I dont think it's possible to overheat mine but yes the top is warped and i guess heat sink is the wrong term.I cant get the thrmo on the pipe over 350 and its low on the pipe.I would have to leave the door cracked to get it 400 or higher.


----------



## diyrye (Dec 28, 2012)

Are you sure your thermometer Is good? Mine I have about 12" from top of stove and even with everything all closed and blower on I can hit 400 no prob, with both vents open and blower on it would probably bury the needle in the redzone. To overheat and warp the stove usually has to be glowing


----------



## begreen (Dec 28, 2012)

Does sound like a faulty thermometer might be involved here. Have you checked your baffle boards to be sure they are properly in place, also checking the insulation blanket?


----------



## joecool85 (Dec 28, 2012)

Huntindog1 said:


> I have never seen holes drilled like the 5th tube back.
> 
> Looks like the high burn air may come in from that channel in the back with all the holes drilled.


 
Is it me or are there no holes in that rear tube>?


----------



## liplifter (Dec 28, 2012)

good thermos have 3 stoves betwen house ,shop and cabin.burns better if I constantly clean out front vent just inside door frame but it defineatly won't "run you out".


----------



## diyrye (Dec 28, 2012)

It's 35 degrees here right now, I'm heating 2500 sqft, including my uninsulated garage, and the house is between 66 and 71 degrees with little to no effort being put into the stove. Here is a picture taken just now with all these conditions, it's just glowing coals all day probably 10-12 pieces total put in all day.

http://s106.photobucket.com/albums/...610-0000010A625D93F2.jpg&evt=user_media_share


----------



## DexterDay (Dec 28, 2012)

liplifter said:


> good thermos have 3 stoves betwen house ,shop and cabin.burns better if I constantly clean out front vent just inside door frame but it defineatly won't "run you out".

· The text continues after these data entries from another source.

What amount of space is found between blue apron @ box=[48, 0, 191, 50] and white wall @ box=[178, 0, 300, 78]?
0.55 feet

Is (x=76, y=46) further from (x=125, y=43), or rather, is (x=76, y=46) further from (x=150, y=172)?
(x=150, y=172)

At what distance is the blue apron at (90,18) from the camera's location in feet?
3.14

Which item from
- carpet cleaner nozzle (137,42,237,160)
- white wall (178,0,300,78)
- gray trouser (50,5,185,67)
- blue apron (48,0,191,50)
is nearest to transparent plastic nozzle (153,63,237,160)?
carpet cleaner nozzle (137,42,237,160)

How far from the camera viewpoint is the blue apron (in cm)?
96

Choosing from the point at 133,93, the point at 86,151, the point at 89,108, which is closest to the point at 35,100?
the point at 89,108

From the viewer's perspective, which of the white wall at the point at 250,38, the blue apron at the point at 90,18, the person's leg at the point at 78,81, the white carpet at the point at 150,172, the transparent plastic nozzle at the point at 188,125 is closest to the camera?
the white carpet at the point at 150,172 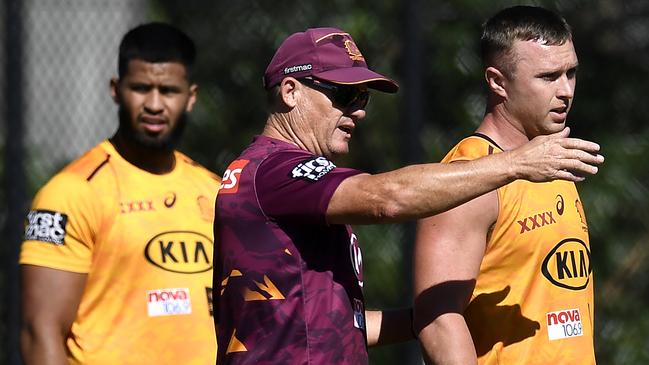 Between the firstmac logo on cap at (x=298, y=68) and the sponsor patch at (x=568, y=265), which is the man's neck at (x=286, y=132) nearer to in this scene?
the firstmac logo on cap at (x=298, y=68)

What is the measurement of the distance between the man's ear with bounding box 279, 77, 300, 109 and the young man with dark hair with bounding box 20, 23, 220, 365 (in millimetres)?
1293

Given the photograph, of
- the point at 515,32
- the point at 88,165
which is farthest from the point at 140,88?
the point at 515,32

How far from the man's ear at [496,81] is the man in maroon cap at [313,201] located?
44cm

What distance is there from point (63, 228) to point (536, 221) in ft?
6.16

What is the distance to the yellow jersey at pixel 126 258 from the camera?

When was your wood Cut/Split/ and Stacked? 

Getting above 350 on the Pipe is pretty hot? No? Thats 700° flue temp? 

350 on the stove top and I would be worried. But 350° stove pipe temp? 

But... you should still be able to get it above 400° without opening the door. 

The 14 hr burn times are an exaggerated time. Thats a "usable heat" under best case scenarios (coals is a very long portion of the burn cycle) a 14 hr flame would be near impossible. Unless you have the Alien technology that is BKK  


So your 6 hrs is pretty standard burn time. Should and could be longer, but air setting, and proper fuel play a big part.


----------



## diyrye (Dec 28, 2012)

Is this with or without the blower on? When I fire mine up or while fairly cool with just coals, I turn the blower off because it allows more heat to be retained in the stove to get it going, but you must remember to turn it back on ASAP because it will overheat. I went out to feed chickens once after a morning reload and I shut the blower off an opened the primary air intake (left knob in) and came back in to the stove top glowing and pipe temp around 700 in just a few minutes. I shut everything down and put a highspeed fan blowing on stove to cool it and climbed to the roof to check chimney liner, meanwhile the thin whisps of burnt creosote were comin out of the chimney. So I burnt the liner clean after a months use... Oops and the stove top did droop about 1/8" in middle. This was the first time I loaded the stove with a fresh batch of super dry oak, I should have known not to walk away... Luckily I didn't have my cast iron chicken humidifier on it at the time or things woulda been more ugly! 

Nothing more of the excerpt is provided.